À la poursuite d’Annie Le Brun, au cinéma
Appel d’air, De l’éperdu, Ailleurs et autrement… Comme en témoigne les titres de ses œuvres, la trajectoire poétique, critique et philosophique d’Annie Le Brun est fondée sur une échappée, sur une ouverture imaginaire, sur une brèche creusée sans relâche dans l’horizon, pour l’élargir.
En se mettant « à la poursuite d’Annie Le Brun », la cinéaste Valérie Minetto savait donc partir en voyage, dans une errance dynamique, qui la mènera des rues de Paris aux places de Zagreb en passant sur les plages de Saint-Malo. L’excursion, bien entendu, est tout autant littéraire, hors des clous, contre les penseurs en rond et les avant-gardes prudentes. Valérie Minetto trace sur ces pas l’itinéraire d’une résistance, d'« une attitude devant la vie, dont la véritable radicalité aura consisté autant à en refuser la misère qu’à y chercher l’émerveillement. C’est en ce sens que chacun peut s’y retrouver », comme le dit Annie Le Brun, parlant du surréalisme, mouvement auquel elle a participé jusqu’à sa dissolution en 1969, en renouvelant la lecture de Sade. Une lecture dont elle a montré la puissance lors de l’expositon Sade. Attaquer le soleil, présentée récemment au musée d’Orsay.
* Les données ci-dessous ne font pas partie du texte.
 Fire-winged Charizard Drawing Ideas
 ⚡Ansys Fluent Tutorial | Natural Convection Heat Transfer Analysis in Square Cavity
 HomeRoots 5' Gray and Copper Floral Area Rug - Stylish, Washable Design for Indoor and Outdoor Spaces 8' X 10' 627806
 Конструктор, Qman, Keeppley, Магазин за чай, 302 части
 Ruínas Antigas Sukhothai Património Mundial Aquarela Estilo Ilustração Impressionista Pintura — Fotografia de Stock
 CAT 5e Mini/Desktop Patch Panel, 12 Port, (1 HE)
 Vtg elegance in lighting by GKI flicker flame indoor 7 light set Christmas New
Dans le métro, sur les murs décrépis, dans le ciel nuageux, entre le feuillage bruissant des arbres ou dans les flaques d'eau: Valérie Minetto recherche dans chaque recoin du quotidien un écho à cet émerveillement poétique dont Annie Le Brun a fait profession, cherchant une bordée pour échapper à ce « trop de réalité », plaidant sans faiblir pour une « insurrection lyrique » contre le gavage de la société marchande. « Je ne sais pas où je vais mais je sais ce que je méprise », souffle Annie Le Brun. Ce qu’elle méprise ? La bêtise d’abord. « Pour ce qui est de la bêtise, ce n’est pas difficile, il y a une évidence de pesanteur qui ne trompe pas, un alourdissement de l’atmosphère qui provoque toujours en moi une impulsion de “sauve-qui-peut” », écrit-elle.
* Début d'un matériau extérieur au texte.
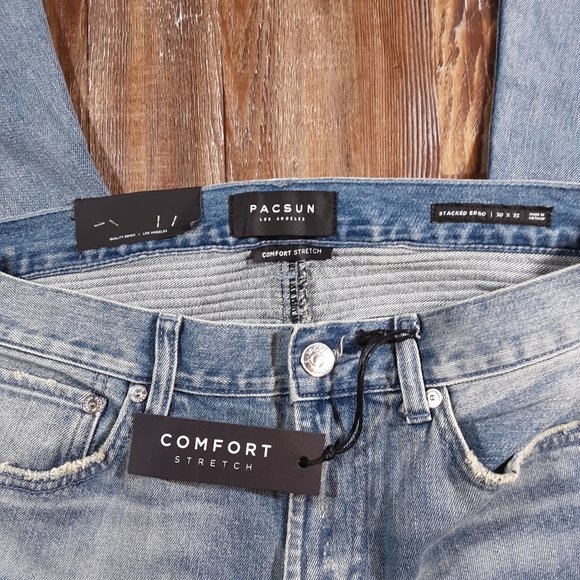 NWT 70$ Pacsun Stacked Ergo Skinny Comfort Stretch Light Wash Jeans 30x32 - Picture 6 of 7
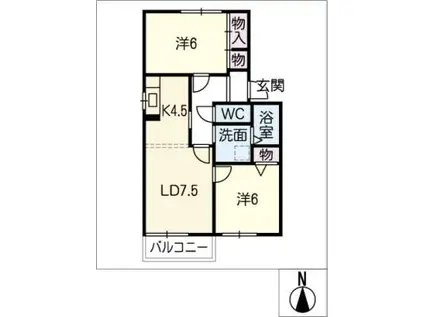 ベルウッズ日進(2LDK/2階)の間取り写真
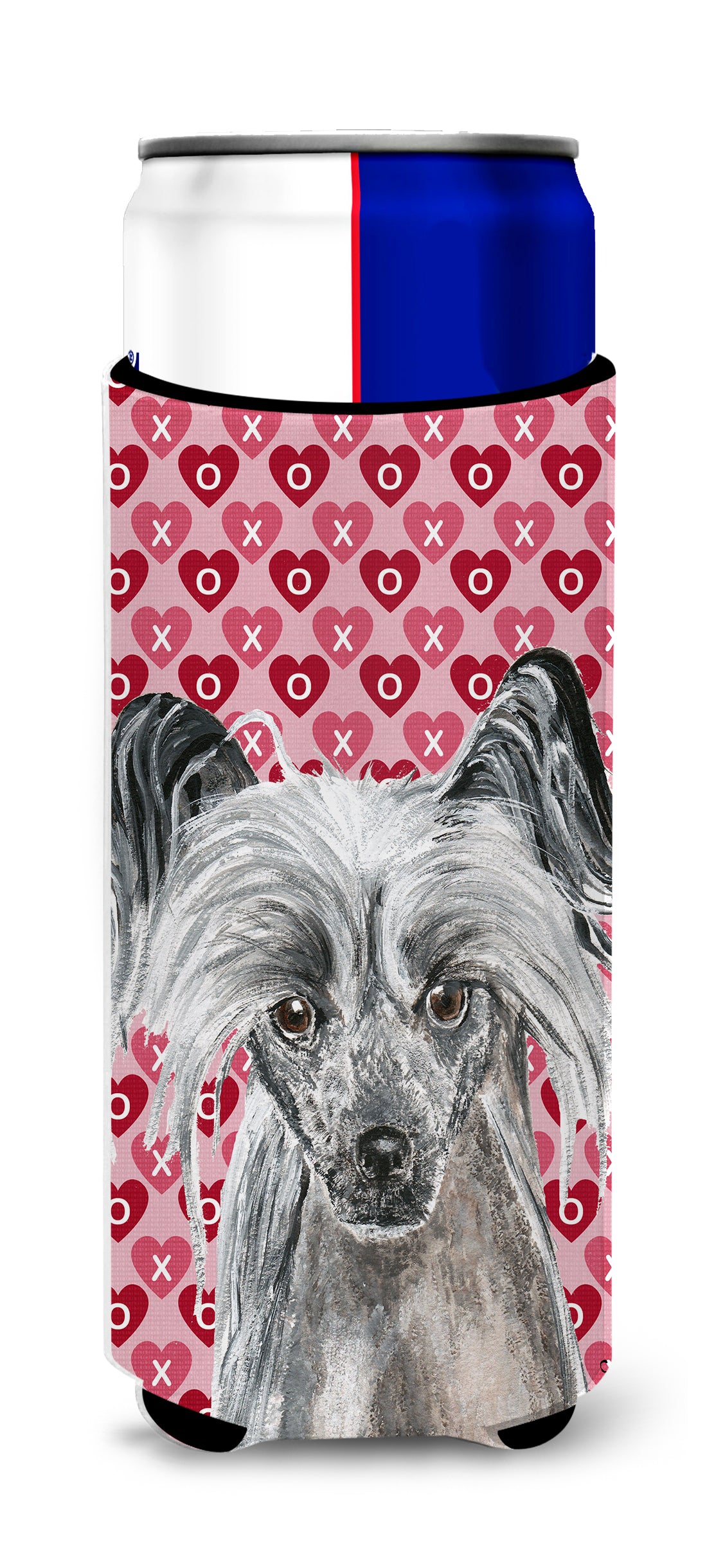Chinese Crested Valentine's Love Ultra Beverage Insulators for slim cans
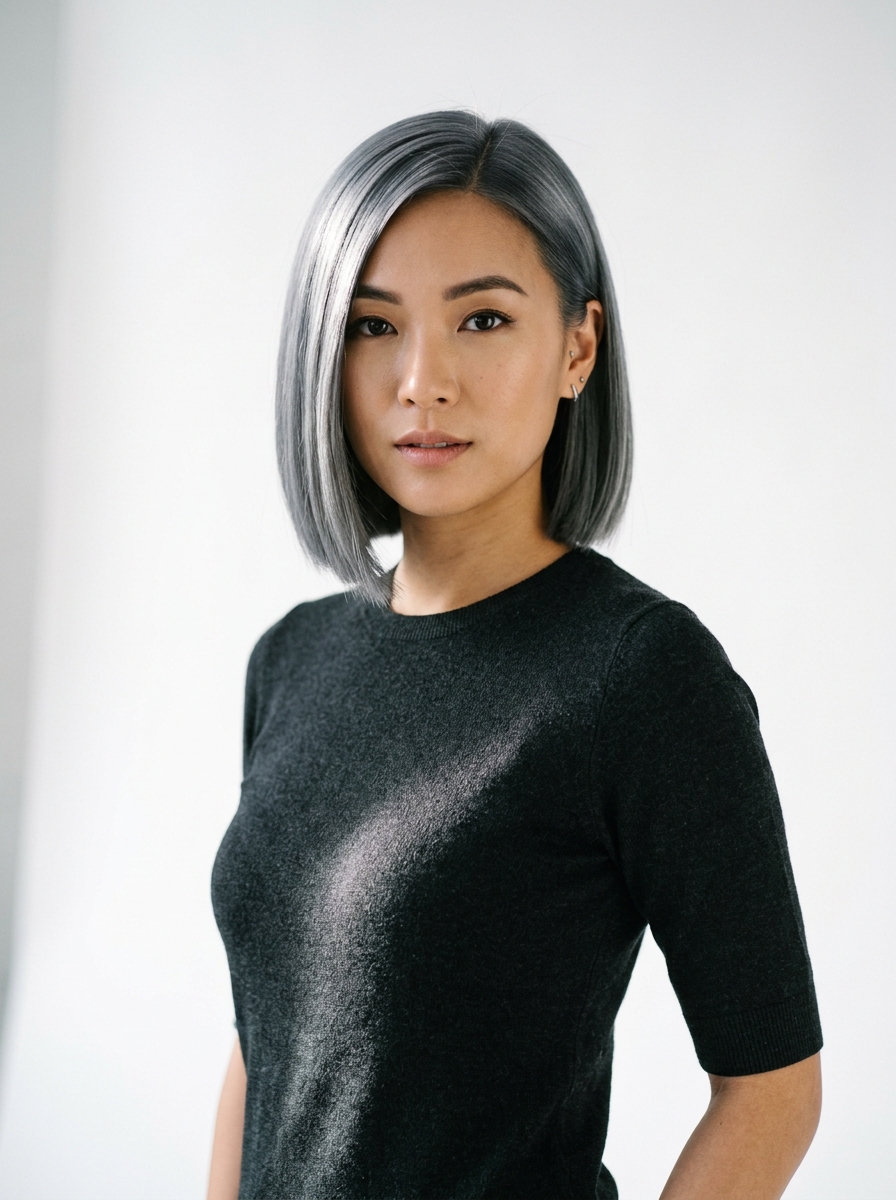 Steel Gray Blunt Bob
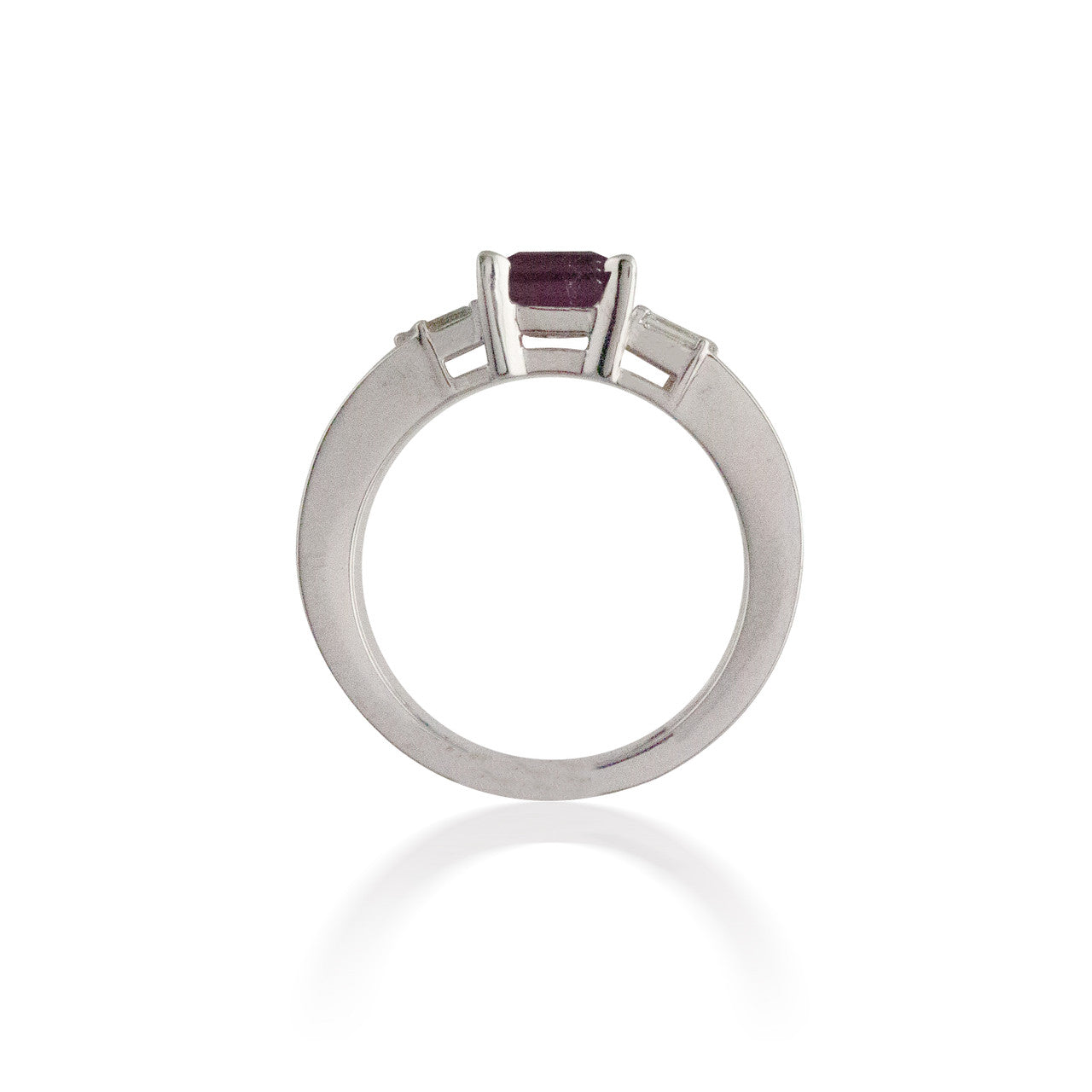 Bi-Color Tourmaline Ring with Baguette Diamond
Ce sauve-qui-peut en forme de sauf-conduit, un acteur l’emprunte avec elle, partageant cette tentation de la tangente, fuyant à toute jambe la « censure par l’excès » et l’obscénité : Michel Fau, le second acteur de cette variation poétique filmée, sur le thème de l’échappée. Immense lecteur et remarquable interprète, il lit dans des textes d’Annie Le Brun, en alternance avec les entretiens, empruntant à sa suite et avec délice les « souterrains de la sensibilité ».
Leur trajectoire se croise, sans pourtant presque jamais se rencontrer. Une fois seulement, Valérie Minetto filme une rencontre muette entre eux deux, suscitant la déception tant la curiosité est grande d’entendre ce que ces deux esprits libres, à l’univers si riche, peuvent se dire. Nous n’en saurons rien ; à chacun de remplir ce vide. Comment ? Il n'existe aucune méthode, et seulement le recours possible à des « intelligences singulières ». Un conseil toutefois: nous ne saurions trop vous inciter à prendre une bouffée d’air avec Annie Le Brun en lisant ses merveilleux textes – Les Châteaux de la subversion, Si rien avait une forme, ce serait cela, Appel d’air –, à vous envoler avec Michel Fau dans l’une des ses fantasques chevauchées dramatiques. Et donc à voir cette Échappée qui parvient à dégager une ligne de mire salutaire, contre toutes les servitudes volontaires.